__TASK DIRECTIONS__:
Exactly the lines below from the line with "Key chain of" through the line with "Carter's Baby Girls" must make up the answer, both ends included and pictures left out.

__DATA RECORDS__:
══════
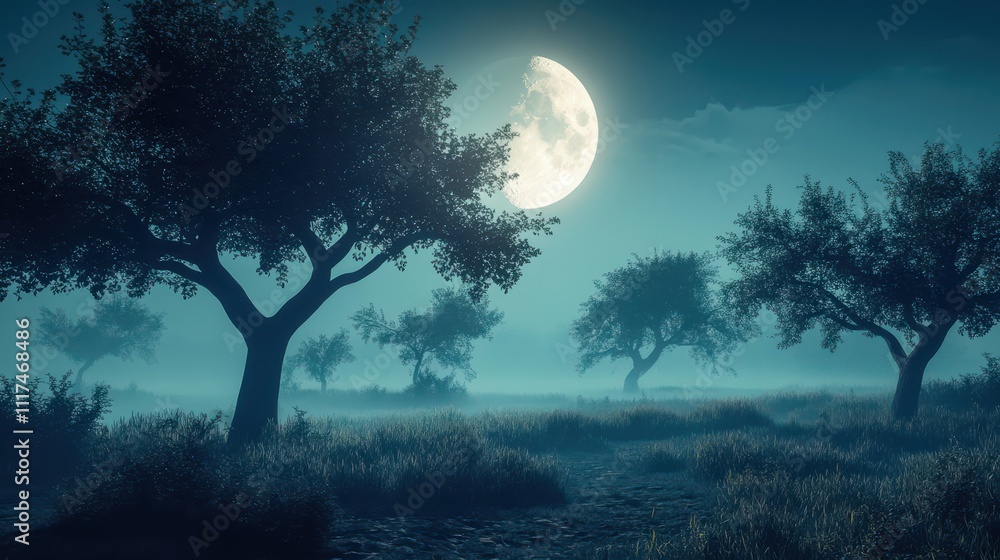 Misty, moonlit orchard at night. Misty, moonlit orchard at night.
══════
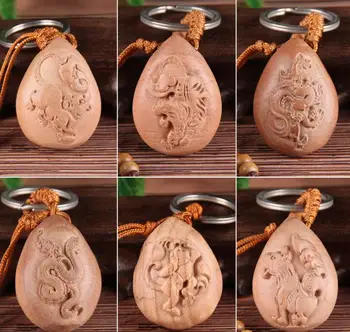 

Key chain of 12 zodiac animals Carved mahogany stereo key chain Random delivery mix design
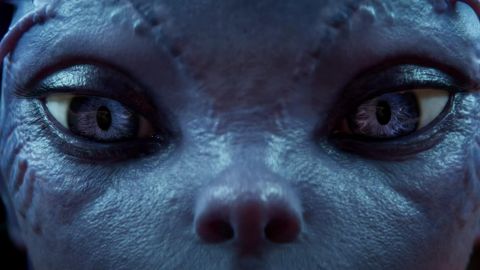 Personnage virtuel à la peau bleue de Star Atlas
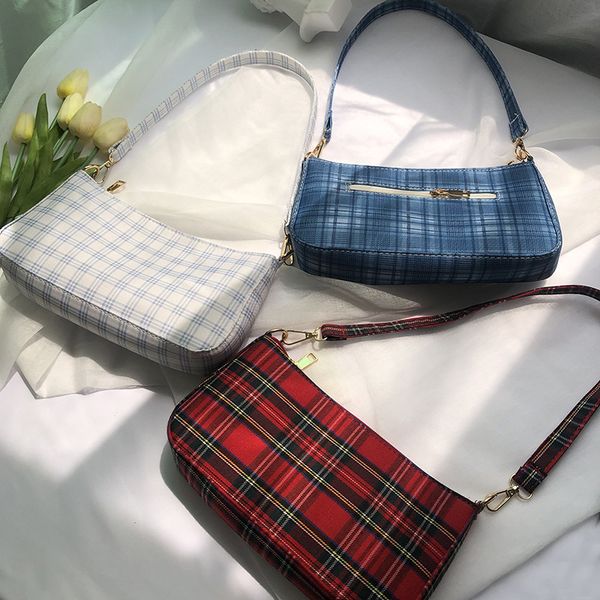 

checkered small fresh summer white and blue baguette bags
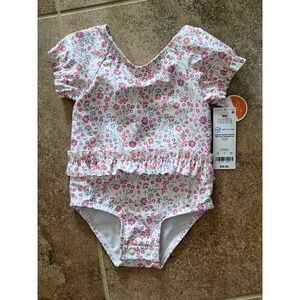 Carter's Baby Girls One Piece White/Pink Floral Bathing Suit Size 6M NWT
══════
__SOLUTION TO THIS PROBLEM__:
Key chain of 12 zodiac animals Carved mahogany stereo key chain Random delivery mix design
 Personnage virtuel à la peau bleue de Star Atlas

checkered small fresh summer white and blue baguette bags
 Carter's Baby Girls One Piece White/Pink Floral Bathing Suit Size 6M NWT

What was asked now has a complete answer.